- REQUIRED ACTION: Of the material below, the lines to be retyped are those from the line containing "Actual product image" through the line containing "[Cabo+Verde.jpg]", inclusive; reproduce them exactly.

- DATA LISTING:
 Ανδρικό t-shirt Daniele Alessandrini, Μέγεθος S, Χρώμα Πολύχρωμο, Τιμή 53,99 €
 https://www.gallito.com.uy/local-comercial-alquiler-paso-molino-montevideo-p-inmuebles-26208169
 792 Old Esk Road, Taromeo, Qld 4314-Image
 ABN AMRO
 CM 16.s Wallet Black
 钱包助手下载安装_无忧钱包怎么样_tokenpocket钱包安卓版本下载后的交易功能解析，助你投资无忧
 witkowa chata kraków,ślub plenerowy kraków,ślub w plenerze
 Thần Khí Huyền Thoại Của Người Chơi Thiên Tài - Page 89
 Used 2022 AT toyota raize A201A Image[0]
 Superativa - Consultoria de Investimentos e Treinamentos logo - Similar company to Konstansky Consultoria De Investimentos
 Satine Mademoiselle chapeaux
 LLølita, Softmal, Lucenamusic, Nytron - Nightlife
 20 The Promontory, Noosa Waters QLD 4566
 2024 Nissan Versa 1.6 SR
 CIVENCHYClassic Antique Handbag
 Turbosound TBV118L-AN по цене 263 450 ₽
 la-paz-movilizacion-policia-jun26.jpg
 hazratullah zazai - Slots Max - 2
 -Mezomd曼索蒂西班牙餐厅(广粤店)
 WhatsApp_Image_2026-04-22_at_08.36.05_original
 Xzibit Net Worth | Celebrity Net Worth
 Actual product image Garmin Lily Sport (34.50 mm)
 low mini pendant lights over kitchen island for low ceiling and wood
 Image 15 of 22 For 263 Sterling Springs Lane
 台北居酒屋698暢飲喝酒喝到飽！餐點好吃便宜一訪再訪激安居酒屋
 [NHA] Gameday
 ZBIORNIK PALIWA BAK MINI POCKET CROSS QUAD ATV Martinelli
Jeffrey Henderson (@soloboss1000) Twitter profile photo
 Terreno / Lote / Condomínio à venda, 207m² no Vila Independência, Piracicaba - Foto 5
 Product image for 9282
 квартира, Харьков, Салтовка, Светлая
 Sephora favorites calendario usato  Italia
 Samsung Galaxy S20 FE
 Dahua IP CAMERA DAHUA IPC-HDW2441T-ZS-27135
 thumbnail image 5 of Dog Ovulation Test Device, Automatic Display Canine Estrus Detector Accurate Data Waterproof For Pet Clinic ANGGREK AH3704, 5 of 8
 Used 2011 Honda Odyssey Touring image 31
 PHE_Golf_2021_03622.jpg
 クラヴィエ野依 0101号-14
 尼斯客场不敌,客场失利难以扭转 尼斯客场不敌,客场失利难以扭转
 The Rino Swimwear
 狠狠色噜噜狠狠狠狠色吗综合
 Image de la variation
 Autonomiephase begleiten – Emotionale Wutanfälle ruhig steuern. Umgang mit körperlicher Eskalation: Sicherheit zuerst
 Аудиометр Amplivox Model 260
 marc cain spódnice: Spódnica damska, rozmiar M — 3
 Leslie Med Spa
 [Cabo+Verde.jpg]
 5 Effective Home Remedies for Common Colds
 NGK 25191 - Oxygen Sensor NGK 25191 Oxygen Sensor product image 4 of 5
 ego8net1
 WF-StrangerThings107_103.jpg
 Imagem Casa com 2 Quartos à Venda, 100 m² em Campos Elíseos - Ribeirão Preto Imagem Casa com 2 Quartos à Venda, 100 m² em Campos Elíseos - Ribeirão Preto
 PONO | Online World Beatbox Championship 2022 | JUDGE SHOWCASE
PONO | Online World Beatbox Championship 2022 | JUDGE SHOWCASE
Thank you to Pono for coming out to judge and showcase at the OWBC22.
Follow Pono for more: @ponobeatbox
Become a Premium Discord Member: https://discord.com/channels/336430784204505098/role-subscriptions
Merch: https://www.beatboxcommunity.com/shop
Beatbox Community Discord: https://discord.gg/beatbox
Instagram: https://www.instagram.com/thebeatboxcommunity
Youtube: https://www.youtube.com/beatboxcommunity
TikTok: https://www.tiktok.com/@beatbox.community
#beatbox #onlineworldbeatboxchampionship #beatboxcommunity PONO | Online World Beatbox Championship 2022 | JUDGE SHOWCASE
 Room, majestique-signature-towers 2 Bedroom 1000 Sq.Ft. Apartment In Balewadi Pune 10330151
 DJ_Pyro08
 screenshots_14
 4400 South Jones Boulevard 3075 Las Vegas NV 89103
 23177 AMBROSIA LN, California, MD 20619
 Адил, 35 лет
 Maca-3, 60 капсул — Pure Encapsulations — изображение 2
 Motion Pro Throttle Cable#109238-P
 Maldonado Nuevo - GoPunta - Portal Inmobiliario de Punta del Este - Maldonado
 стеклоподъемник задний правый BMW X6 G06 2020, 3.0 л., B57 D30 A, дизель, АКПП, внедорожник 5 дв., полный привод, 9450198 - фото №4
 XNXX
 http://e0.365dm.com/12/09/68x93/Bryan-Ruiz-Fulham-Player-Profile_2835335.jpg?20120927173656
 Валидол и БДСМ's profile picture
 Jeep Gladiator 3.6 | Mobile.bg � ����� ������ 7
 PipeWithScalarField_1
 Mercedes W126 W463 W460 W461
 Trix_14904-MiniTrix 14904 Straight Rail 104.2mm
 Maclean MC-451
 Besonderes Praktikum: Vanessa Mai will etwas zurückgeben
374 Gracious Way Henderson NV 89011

- ANSWER FOR THIS EXERCISE:
 Actual product image Garmin Lily Sport (34.50 mm)
 low mini pendant lights over kitchen island for low ceiling and wood
 Image 15 of 22 For 263 Sterling Springs Lane
 台北居酒屋698暢飲喝酒喝到飽！餐點好吃便宜一訪再訪激安居酒屋
 [NHA] Gameday
 ZBIORNIK PALIWA BAK MINI POCKET CROSS QUAD ATV Martinelli
Jeffrey Henderson (@soloboss1000) Twitter profile photo
 Terreno / Lote / Condomínio à venda, 207m² no Vila Independência, Piracicaba - Foto 5
 Product image for 9282
 квартира, Харьков, Салтовка, Светлая
 Sephora favorites calendario usato  Italia
 Samsung Galaxy S20 FE
 Dahua IP CAMERA DAHUA IPC-HDW2441T-ZS-27135
 thumbnail image 5 of Dog Ovulation Test Device, Automatic Display Canine Estrus Detector Accurate Data Waterproof For Pet Clinic ANGGREK AH3704, 5 of 8
 Used 2011 Honda Odyssey Touring image 31
 PHE_Golf_2021_03622.jpg
 クラヴィエ野依 0101号-14
 尼斯客场不敌,客场失利难以扭转 尼斯客场不敌,客场失利难以扭转
 The Rino Swimwear
 狠狠色噜噜狠狠狠狠色吗综合
 Image de la variation
 Autonomiephase begleiten – Emotionale Wutanfälle ruhig steuern. Umgang mit körperlicher Eskalation: Sicherheit zuerst
 Аудиометр Amplivox Model 260
 marc cain spódnice: Spódnica damska, rozmiar M — 3
 Leslie Med Spa
 [Cabo+Verde.jpg]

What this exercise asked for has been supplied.